Will there ever be a single science that comprehends both?  Perhaps.  It may be that one day we explain all human decisions in terms of neurochemistry or discover the seat of the soul in the brain.  I’m skeptical, but I allow that it could happen.  It may be that one day we will have a spiritual science that speaks of souls whose intentions move quarks.  More of a stretch, but still conceivable.  I don’t anticipate either revolution in the near future.  In the meantime, we are left with two very useful, very important models of the same world – the world we experience.

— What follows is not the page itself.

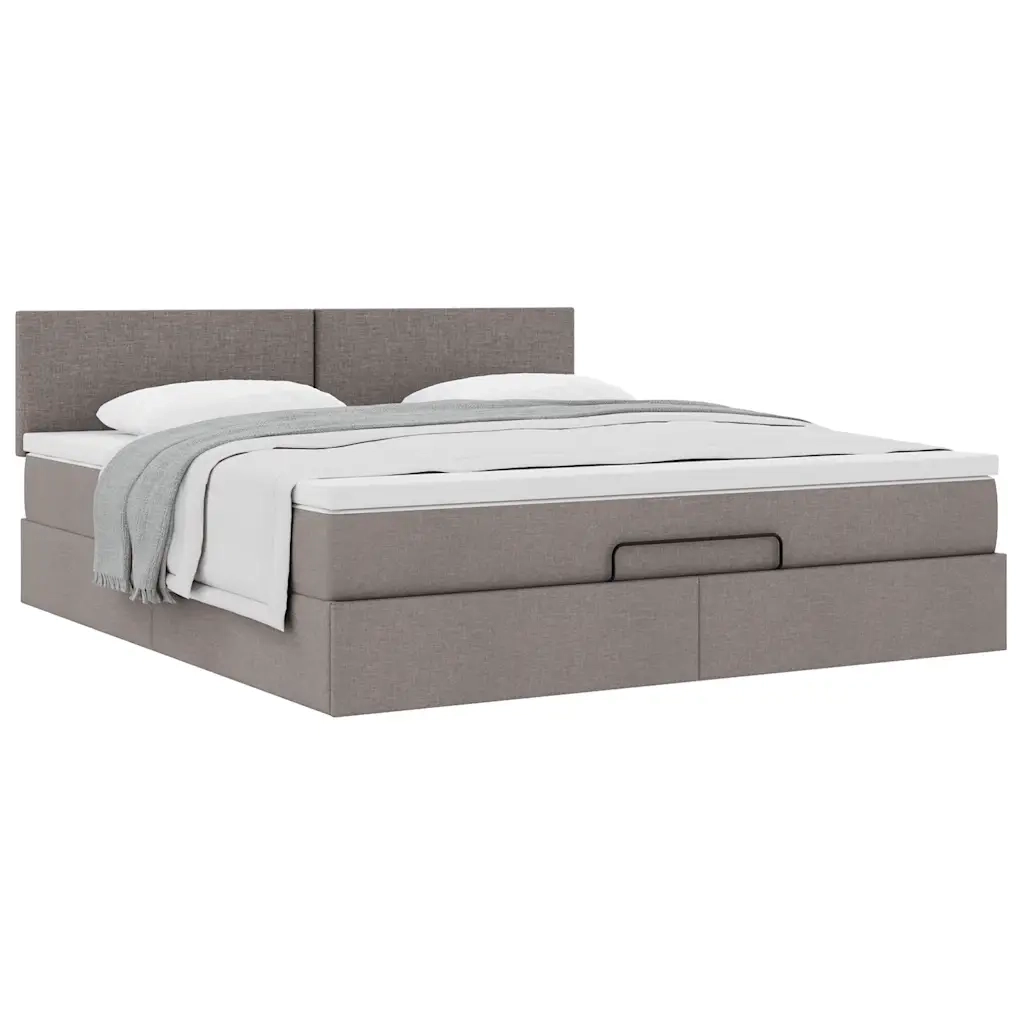 vidaXL Struttura Letto Pouf con Materasso Tortora 160x200cm in Tessuto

I honestly don’t know of anyone who treats human bodies as though they had no self-hood.  As though they were simply the result of deterministic processes.  We interact with people and need some theory of self to get us through our social interactions.  I’ve met a few people (always young and healthy) who genuinely believe (or at least advocate) that science has nothing to offer because the spiritual model is the only useful model.  It seems to close the door for them on almost any form of practical work in the world.

As a teacher, I know that sometimes a simple metaphor can convey more than an extended definition and factual explanation.  In martial arts, I regularly use the concept of chi (internal energy) to teach people how to extend, focus, and use their bodies well.  Do I think that such a thing is internal energy exists?  Usually.  Do I think it cannot be reduced to physical principles, to muscles and momentum, mass and movement?  Usually not.  Nonetheless, the math of human movement is ridiculously complex.  (We don’t move in straight lines.  I’ve seen the physics of a ball joint.  Trust me, it’s painful.)  Chi can be a far more effective way of teaching movement.  Why would I not resort to a useful alternative description?

Modernism has gone too far if we can no longer understand that different times and different tasks call for different lenses.  Just as my father uses bifocals to see the world close up and far away, I use science and relational theology* to see the same objects in different ways.  Anything less would leave me blind.

[* I was tempted to say theology here, but I realized that my theology must cover science and the physical universe as well as souls.  Theology must be comprehensive to lay claim to all of our heart, all of our mind, all of our soul, and all of our strength.  Relational theology here refers specifically to the spiritual cosmos and the ontology of souls.]